Writing in the Richmond Times Dispatch, Tom Magness, former commander with the U.S. Army Corp of Engineers (USACE), discusses the disparity in safety between moving oil and gas by pipeline, versus moving it by rail. The unfortunate reality of train derailments is that moving hazardous materials by rail is less safe, “both for the environment and for individuals” than alternate methods—namely pipelines. Although the East Palestine disaster did not spill oil and gas, it stood as a stark reminder that train derailments can be catastrophic, such as the 2013 Lac-Megantic accident in Canada.

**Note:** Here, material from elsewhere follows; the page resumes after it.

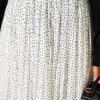 Mini Polka Dot Belted Pleated Skirt White Großhandel skirt view 4 - Hicabistan Türkei Fabrik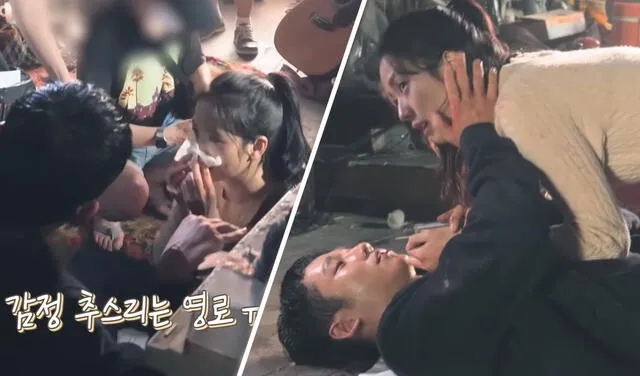 Jisoo seca sus lágrimas tras filmar una de las últimas escenas de Snowdrop. Foto: JTBC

According to U.S. Department of Transportation data, less than one one-hundredth of a percent of all transportation accidents involve pipelines, while “over 1,000 derailments occur every year across the United States, according to the Federal Railroad Administration.”
Magness notes this is potentially an issue because 2020 saw the least amount of interstate natural gas pipeline capacity on record. Regulatory roadblocks such as onerous permitting requirements, coupled with delay to die litigation tactics, have stalled energy infrastructure projects, specifically pipelines, across the country in the past few years. Since it has become more difficult to increase pipeline capacity, oil and gas products could be moved via rail more frequently.
In that same vein, Magness draws attention to the multibillion-dollar merger between rail giants Kansas City Southern and Canadian Pacific. He says, “this would mean an additional 15 to 20 train cars carrying crude oil would pass through Minnesota every month, making an accident far more likely than if a pipeline was in place. The Keystone XL pipeline, for example, which President Biden canceled on his first day in office, would have transported Canadian oil to the U.S.”
Relying on rail transportation for moving hazardous products instead of pipelines could have potentially disastrous effects. Magness urges Congress to prioritize permitting reform so that more infrastructure projects can be constructed over the coming years, diversifying the nation’s transportation capacity.